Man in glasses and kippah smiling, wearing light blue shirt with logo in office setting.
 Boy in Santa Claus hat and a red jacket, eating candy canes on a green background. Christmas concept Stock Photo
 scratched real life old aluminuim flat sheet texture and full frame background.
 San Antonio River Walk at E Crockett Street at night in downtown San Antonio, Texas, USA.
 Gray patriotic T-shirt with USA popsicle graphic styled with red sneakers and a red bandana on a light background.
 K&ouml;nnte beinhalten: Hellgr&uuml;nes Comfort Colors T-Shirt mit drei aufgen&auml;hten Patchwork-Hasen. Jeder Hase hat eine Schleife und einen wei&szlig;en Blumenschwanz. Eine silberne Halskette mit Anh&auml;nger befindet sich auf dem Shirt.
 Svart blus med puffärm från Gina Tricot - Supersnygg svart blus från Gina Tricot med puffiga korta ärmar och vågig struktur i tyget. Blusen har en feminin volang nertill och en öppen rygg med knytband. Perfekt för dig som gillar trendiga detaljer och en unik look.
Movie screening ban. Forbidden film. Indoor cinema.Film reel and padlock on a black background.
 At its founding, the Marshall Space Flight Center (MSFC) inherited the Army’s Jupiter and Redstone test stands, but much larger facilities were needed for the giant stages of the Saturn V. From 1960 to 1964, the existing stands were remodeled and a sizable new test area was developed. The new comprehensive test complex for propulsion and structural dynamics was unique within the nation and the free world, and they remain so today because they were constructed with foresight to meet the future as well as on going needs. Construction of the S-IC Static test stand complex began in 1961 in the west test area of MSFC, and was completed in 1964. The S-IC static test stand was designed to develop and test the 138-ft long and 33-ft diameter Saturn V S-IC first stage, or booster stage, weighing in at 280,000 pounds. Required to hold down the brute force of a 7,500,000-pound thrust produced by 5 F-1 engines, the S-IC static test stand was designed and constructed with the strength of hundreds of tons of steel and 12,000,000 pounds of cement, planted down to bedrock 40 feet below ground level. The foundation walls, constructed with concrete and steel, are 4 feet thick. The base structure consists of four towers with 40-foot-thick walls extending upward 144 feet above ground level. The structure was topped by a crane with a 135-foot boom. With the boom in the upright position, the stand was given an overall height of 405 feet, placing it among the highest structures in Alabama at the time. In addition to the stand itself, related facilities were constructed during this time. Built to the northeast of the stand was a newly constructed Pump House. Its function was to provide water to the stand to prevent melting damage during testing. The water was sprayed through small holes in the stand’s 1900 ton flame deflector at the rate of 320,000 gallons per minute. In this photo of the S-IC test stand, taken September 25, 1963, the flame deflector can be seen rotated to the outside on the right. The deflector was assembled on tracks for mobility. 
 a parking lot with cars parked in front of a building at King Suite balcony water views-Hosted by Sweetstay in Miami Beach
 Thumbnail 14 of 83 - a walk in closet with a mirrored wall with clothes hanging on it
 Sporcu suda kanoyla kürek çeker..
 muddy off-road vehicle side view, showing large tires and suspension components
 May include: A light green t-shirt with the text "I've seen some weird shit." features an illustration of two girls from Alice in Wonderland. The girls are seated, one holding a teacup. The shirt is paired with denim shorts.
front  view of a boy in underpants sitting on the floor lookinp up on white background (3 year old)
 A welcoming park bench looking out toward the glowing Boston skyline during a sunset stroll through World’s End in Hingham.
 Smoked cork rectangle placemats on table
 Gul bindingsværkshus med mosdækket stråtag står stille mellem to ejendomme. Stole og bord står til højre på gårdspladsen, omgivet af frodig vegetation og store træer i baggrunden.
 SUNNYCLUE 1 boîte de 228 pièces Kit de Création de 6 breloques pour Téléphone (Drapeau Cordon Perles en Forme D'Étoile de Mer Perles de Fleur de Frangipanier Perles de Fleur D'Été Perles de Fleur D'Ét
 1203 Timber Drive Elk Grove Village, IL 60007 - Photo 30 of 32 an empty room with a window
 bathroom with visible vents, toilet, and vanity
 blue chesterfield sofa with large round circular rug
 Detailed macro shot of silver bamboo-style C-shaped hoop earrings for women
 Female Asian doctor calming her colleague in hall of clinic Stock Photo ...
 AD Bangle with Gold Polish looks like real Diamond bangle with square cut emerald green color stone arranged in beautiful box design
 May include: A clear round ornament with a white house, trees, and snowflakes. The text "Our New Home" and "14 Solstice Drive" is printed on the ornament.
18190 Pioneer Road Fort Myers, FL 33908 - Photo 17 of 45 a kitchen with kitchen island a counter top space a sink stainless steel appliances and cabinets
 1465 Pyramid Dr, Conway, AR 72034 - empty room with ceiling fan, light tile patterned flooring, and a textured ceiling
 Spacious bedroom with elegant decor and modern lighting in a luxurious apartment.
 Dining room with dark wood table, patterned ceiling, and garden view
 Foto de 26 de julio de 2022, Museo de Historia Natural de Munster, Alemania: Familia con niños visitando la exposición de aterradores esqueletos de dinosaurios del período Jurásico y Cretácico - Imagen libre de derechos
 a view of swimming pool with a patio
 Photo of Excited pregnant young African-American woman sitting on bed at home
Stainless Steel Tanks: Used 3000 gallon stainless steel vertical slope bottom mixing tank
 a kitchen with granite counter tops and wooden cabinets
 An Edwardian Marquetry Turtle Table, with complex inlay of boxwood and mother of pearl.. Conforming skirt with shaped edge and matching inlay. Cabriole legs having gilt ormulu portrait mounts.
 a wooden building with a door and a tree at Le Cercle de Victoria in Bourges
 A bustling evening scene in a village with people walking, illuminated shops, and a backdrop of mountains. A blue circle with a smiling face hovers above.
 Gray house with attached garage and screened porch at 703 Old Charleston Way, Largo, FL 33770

········

● **What the task requires**: Show the lines above with "include".

● **Response**:
 May include: A light green t-shirt with the text "I've seen some weird shit." features an illustration of two girls from Alice in Wonderland. The girls are seated, one holding a teacup. The shirt is paired with denim shorts.
 May include: A clear round ornament with a white house, trees, and snowflakes. The text "Our New Home" and "14 Solstice Drive" is printed on the ornament.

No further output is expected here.